**Task requirements**
Copy all records precisely, apart from the pictures.

**Records for processing**

★ ★ ★ ★

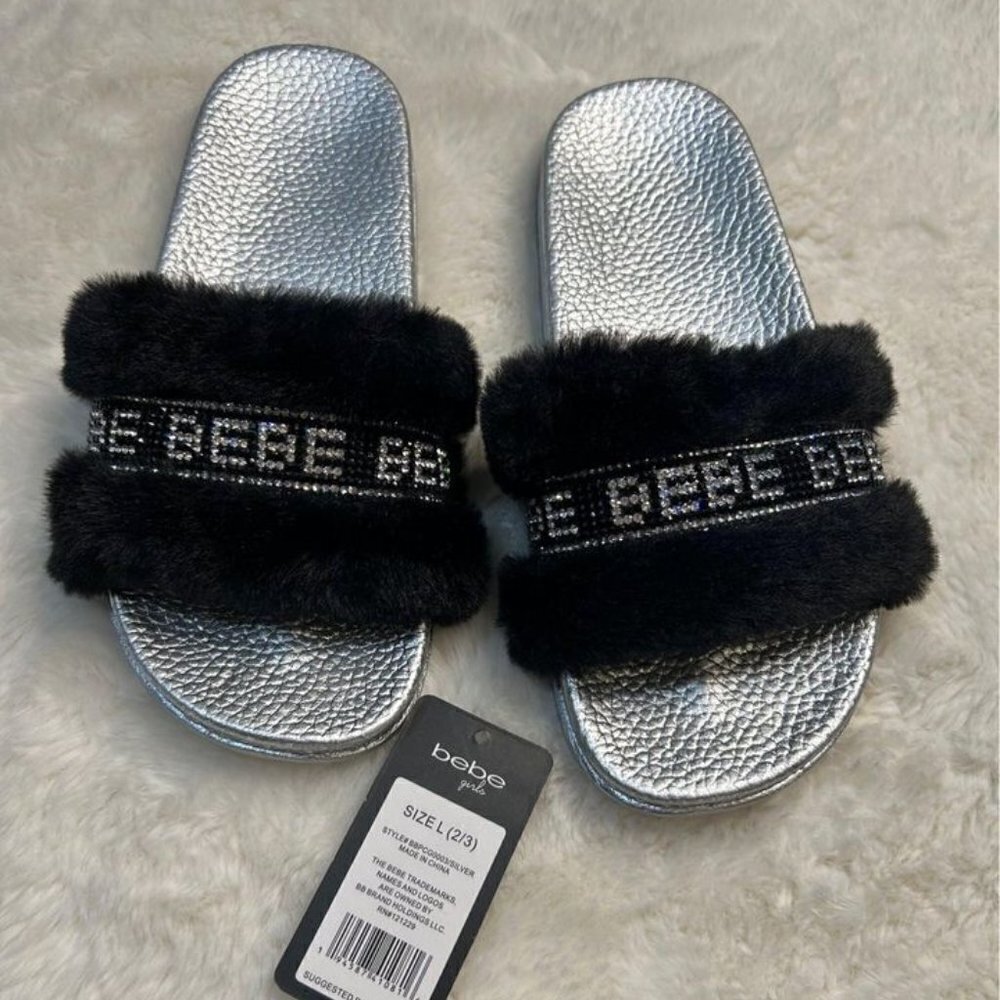 BEBE girls slides. Size 2/3. New with tags.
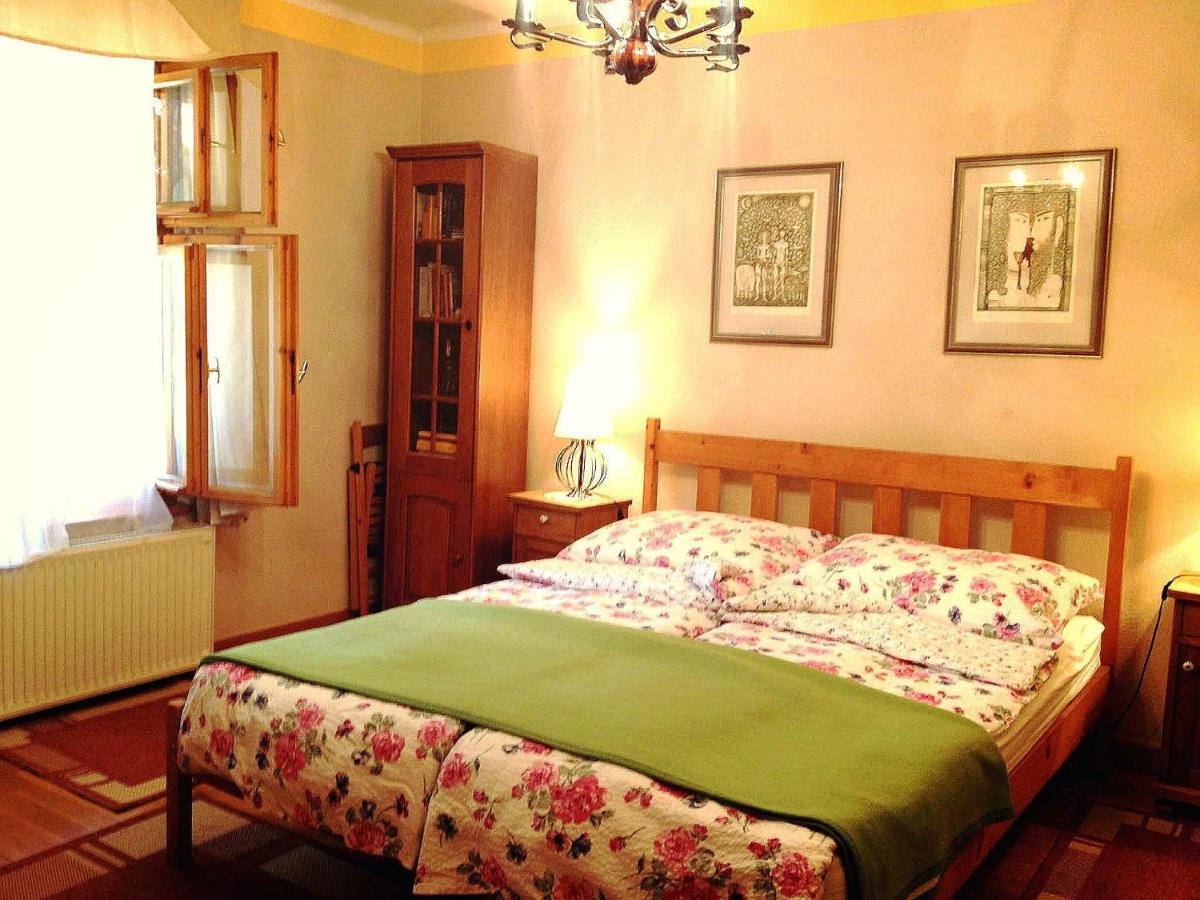 Violetta Vendégház - Housity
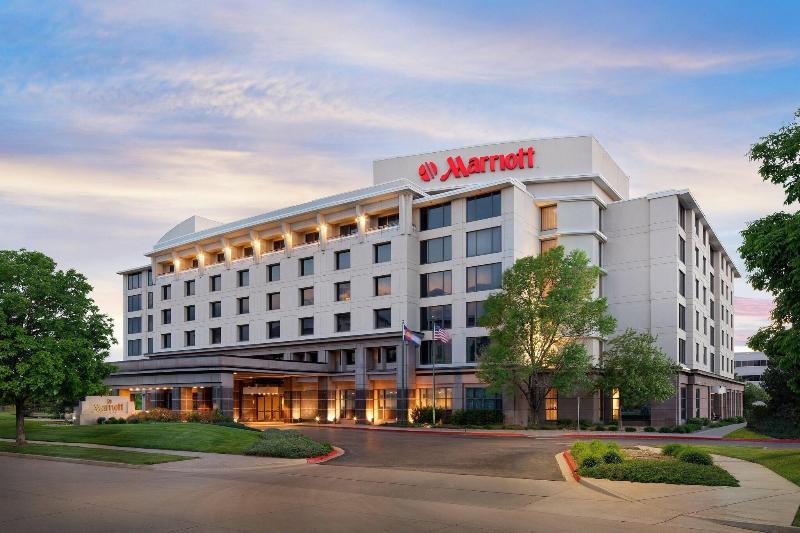 هتل Denver Airport Marriott At Gateway Park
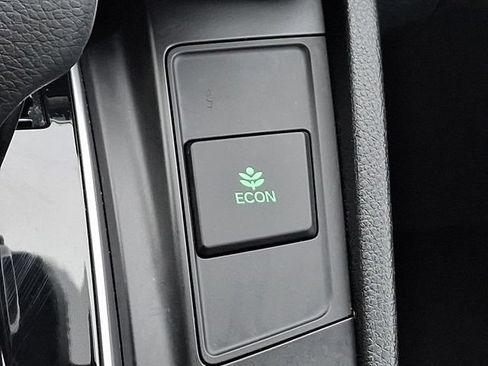 Used 2018 Honda CR-V EX image 28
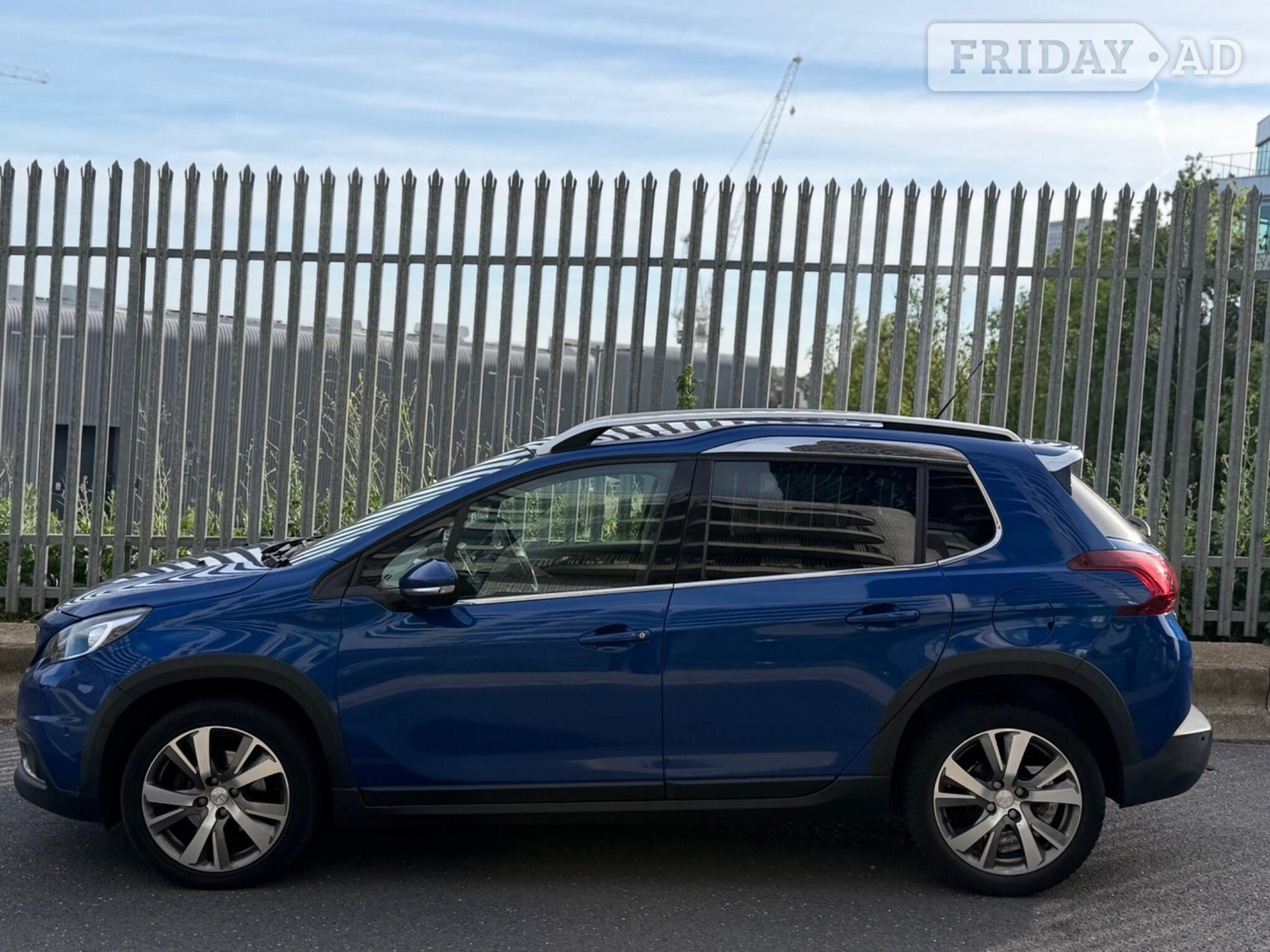 Peugeot 2008 2019 - Cars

★ ★ ★ ★

**Written response**
 BEBE girls slides. Size 2/3. New with tags.
 Violetta Vendégház - Housity
 هتل Denver Airport Marriott At Gateway Park
 Used 2018 Honda CR-V EX image 28
 Peugeot 2008 2019 - Cars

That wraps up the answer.